Compute grid sample.

Given an input and a flow-field grid, computes the output using input values and pixel locations from grid.

Currently, only spatial (4-D) and volumetric (5-D) input are supported.

In the spatial (4-D) case, for input with shape $(N, C, H_\text{in}, W_\text{in})$ and grid with shape $(N, H_\text{out}, W_\text{out}, 2)$, the output will have shape $(N, C, H_\text{out}, W_\text{out})$.

For each output location output[n, :, h, w], the size-2 vector grid[n, h, w] specifies input pixel locations x and y, which are used to interpolate the output value output[n, :, h, w]. In the case of 5D inputs, grid[n, d, h, w] specifies the x, y, z pixel locations for interpolating output[n, :, d, h, w]. mode argument specifies nearest or bilinear interpolation method to sample the input pixels.

grid specifies the sampling pixel locations normalized by the input spatial dimensions. Therefore, it should have most values in the range of [-1, 1]. For example, values x = -1, y = -1 is the left-top pixel of input, and values x = 1, y = 1 is the right-bottom pixel of input.

If grid has values outside the range of [-1, 1], the corresponding outputs are handled as defined by padding_mode. Options are

• padding_mode="zeros": use 0 for out-of-bound grid locations,

• padding_mode="border": use border values for out-of-bound grid locations,

• padding_mode="reflection": use values at locations reflected by the border for out-of-bound grid locations. For location far away from the border, it will keep being reflected until becoming in bound, e.g., (normalized) pixel location x = -3.5 reflects by border -1 and becomes x' = 1.5, then reflects by border 1 and becomes x'' = -0.5.

Note

This function is often used in conjunction with affine_grid() to build Spatial Transformer Networks .

Note

When using the CUDA backend, this operation may induce nondeterministic behaviour in its backward pass that is not easily switched off. Please see the notes on Reproducibility for background.

Note

NaN values in grid would be interpreted as -1.

Parameters
• input (Tensor) – input of shape $(N, C, H_\text{in}, W_\text{in})$ (4-D case) or $(N, C, D_\text{in}, H_\text{in}, W_\text{in})$ (5-D case)

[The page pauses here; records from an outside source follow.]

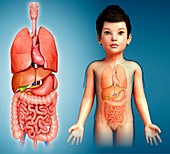 Child's torso organs,illustration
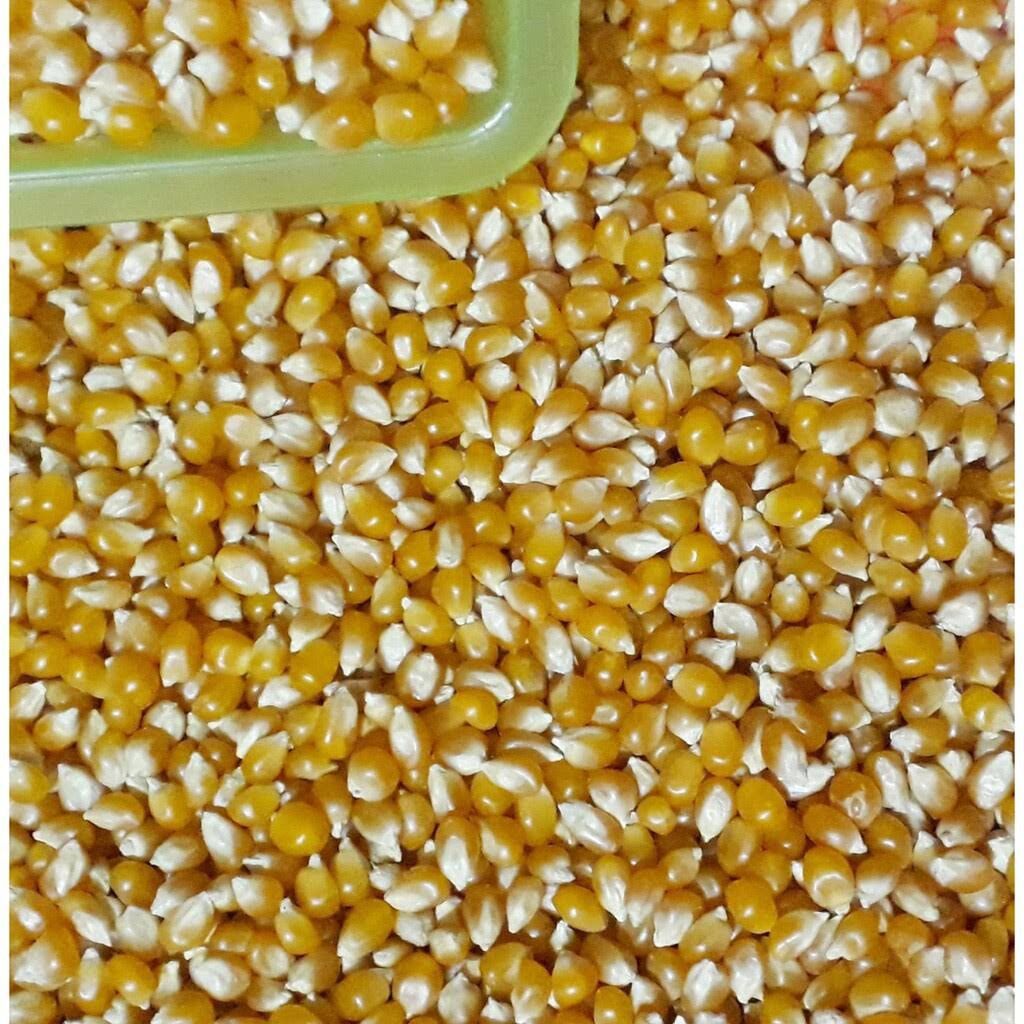 500g ngô mỹ làm bắp rang bơ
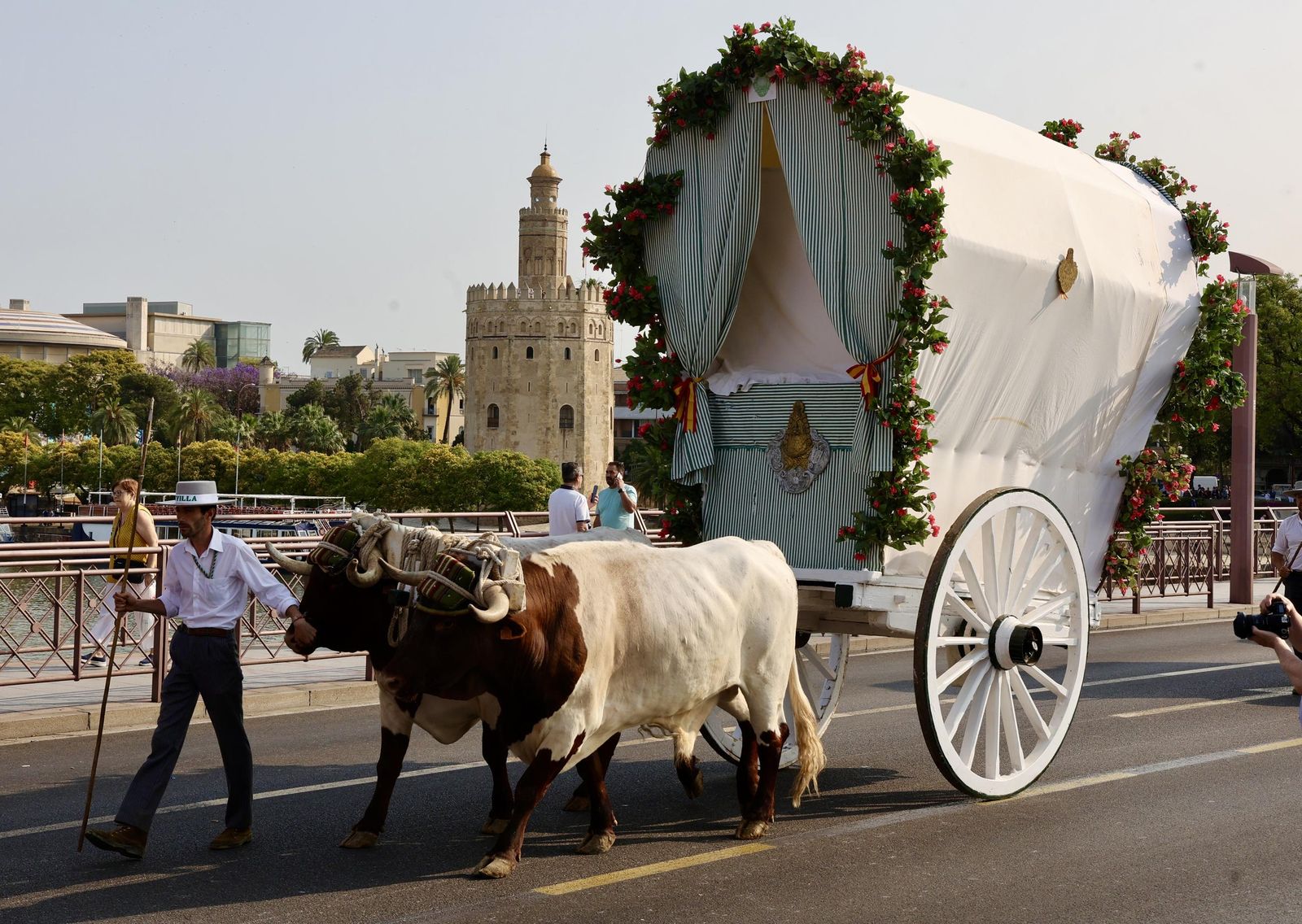 Las mejores fotos de la salida de la Hermandad de Sevilla hacia el Rocío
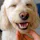 Pet a dog to use social media — by Roots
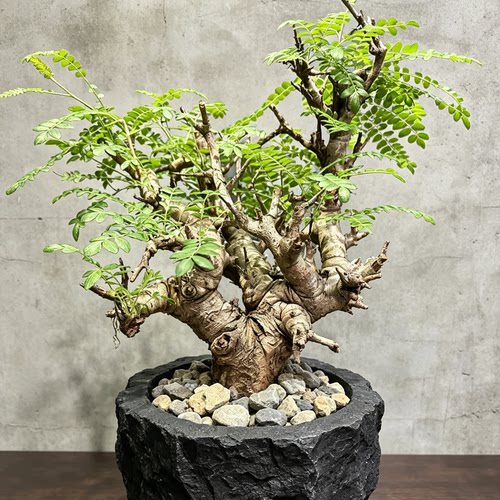 实生尼勒达乳香 多肉块根植物 形好带有甜甜的香味 庭院植物 包邮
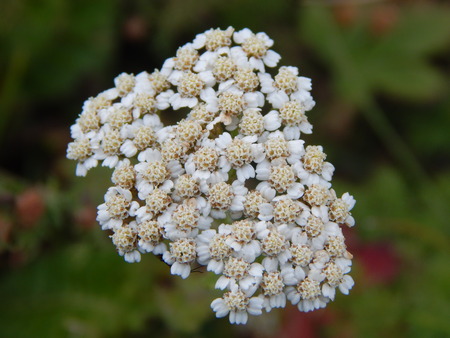 white flowerの写真素材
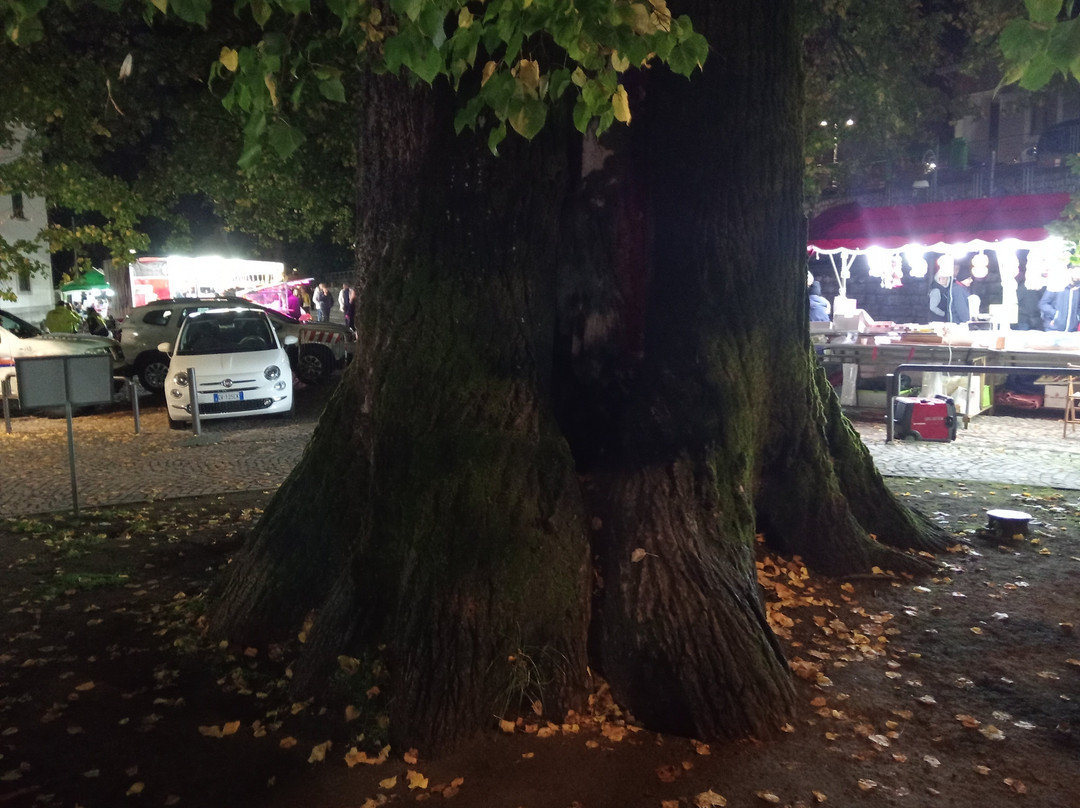 Tiglio Secolare di Summonte-Summonte必去景点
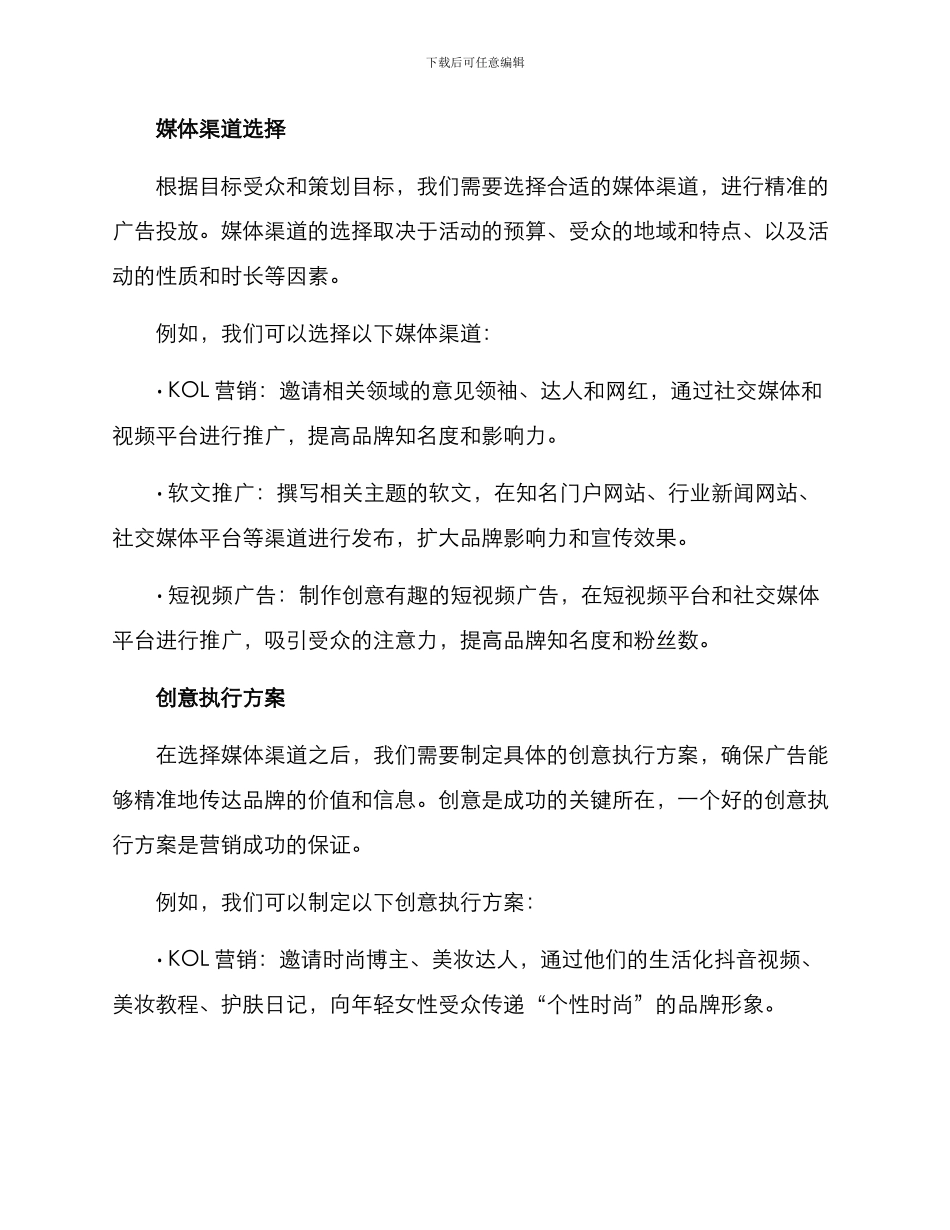 媒体策划执行方案_第2页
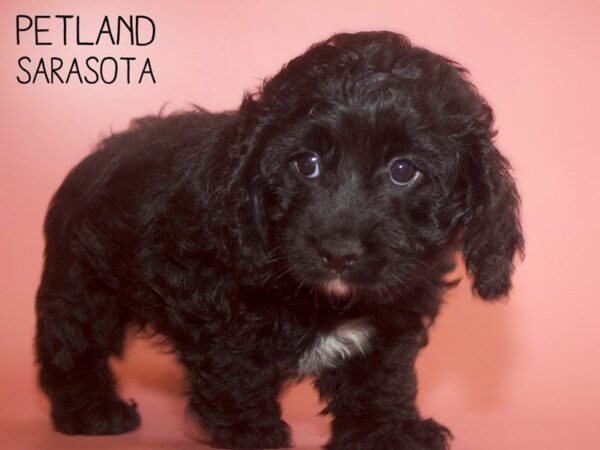 Cockapoo DOG Female BLK 25713 Petland Sarasota, Florida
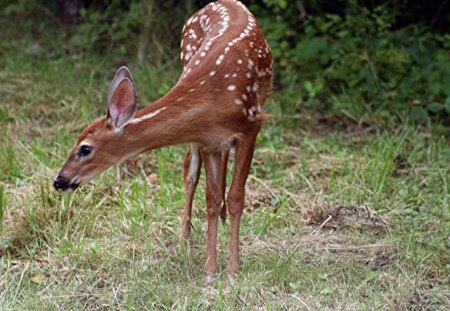 *** A deer in a clearing *** - polana, jelenie, jelen, zwierzeta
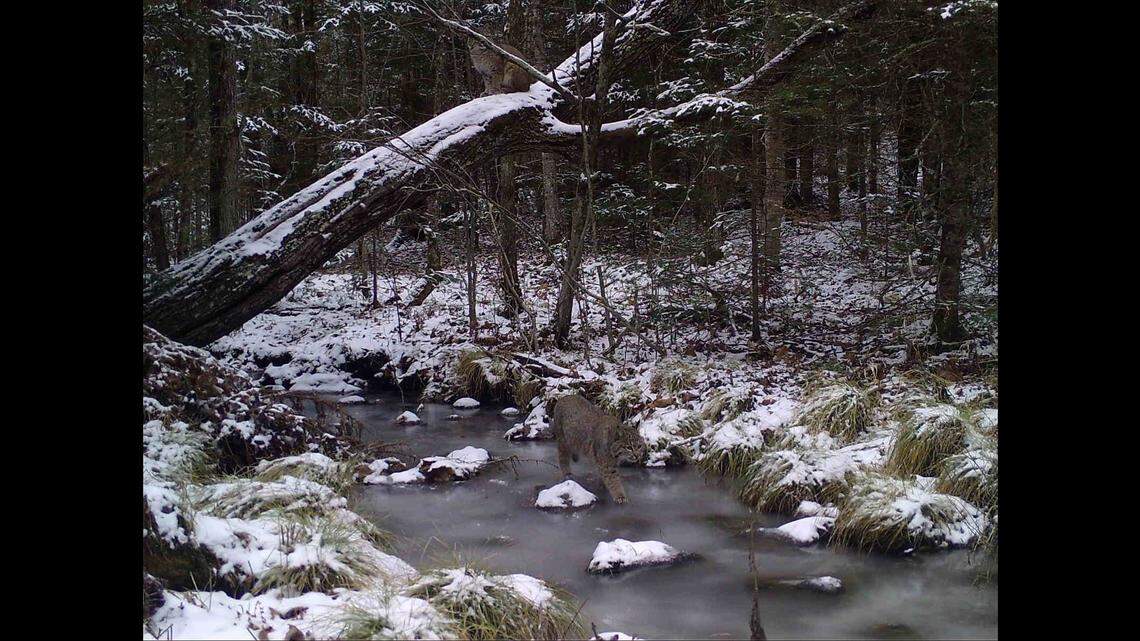 How many bobcats do you see in this Wisconsin photo? The correct answer has surprised a lot of people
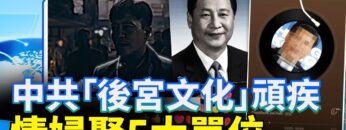 [ID: VnND6-iWlh0] Youtube Automatic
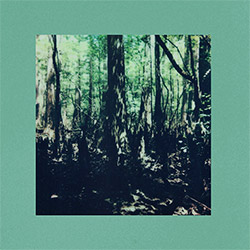 Reign of Ferns (Raffa / Weathers): In The Same Room 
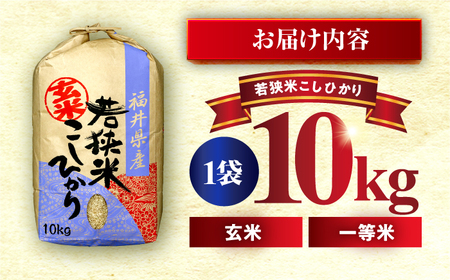  福井県産 コシヒカリ 玄米 10kg 一等級 /甘みと粘りが自慢 王道米 こしひかり 小浜市 / 若狭ふれいあい市場[BFEL001]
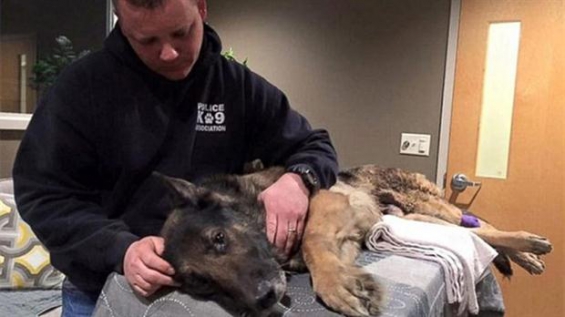 34 años de cárcel por asesinar a un perro policía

• grid (Tensor) – flow-field of shape $(N, H_\text{out}, W_\text{out}, 2)$ (4-D case) or $(N, D_\text{out}, H_\text{out}, W_\text{out}, 3)$ (5-D case)

• mode (str) – interpolation mode to calculate output values 'bilinear' | 'nearest' | 'bicubic'. Default: 'bilinear' Note: mode='bicubic' supports only 4-D input. When mode='bilinear' and the input is 5-D, the interpolation mode used internally will actually be trilinear. However, when the input is 4-D, the interpolation mode will legitimately be bilinear.

• padding_mode (str) – padding mode for outside grid values 'zeros' | 'border' | 'reflection'. Default: 'zeros'

• align_corners (bool, optional) – Geometrically, we consider the pixels of the input as squares rather than points. If set to True, the extrema (-1 and 1) are considered as referring to the center points of the input’s corner pixels. If set to False, they are instead considered as referring to the corner points of the input’s corner pixels, making the sampling more resolution agnostic. This option parallels the align_corners option in interpolate(), and so whichever option is used here should also be used there to resize the input image before grid sampling. Default: False

Returns

output Tensor

Return type

output (Tensor)

Warning

When align_corners = True, the grid positions depend on the pixel size relative to the input image size, and so the locations sampled by grid_sample() will differ for the same input given at different resolutions (that is, after being upsampled or downsampled). The default behavior up to version 1.2.0 was align_corners = True. Since then, the default behavior has been changed to align_corners = False, in order to bring it in line with the default for interpolate().

Note

mode='bicubic' is implemented using the cubic convolution algorithm with $\alpha=-0.75$. The constant $\alpha$ might be different from packages to packages. For example, PIL and OpenCV use -0.5 and -0.75 respectively. This algorithm may “overshoot” the range of values it’s interpolating. For example, it may produce negative values or values greater than 255 when interpolating input in [0, 255]. Clamp the results with torch.clamp() to ensure they are within the valid range.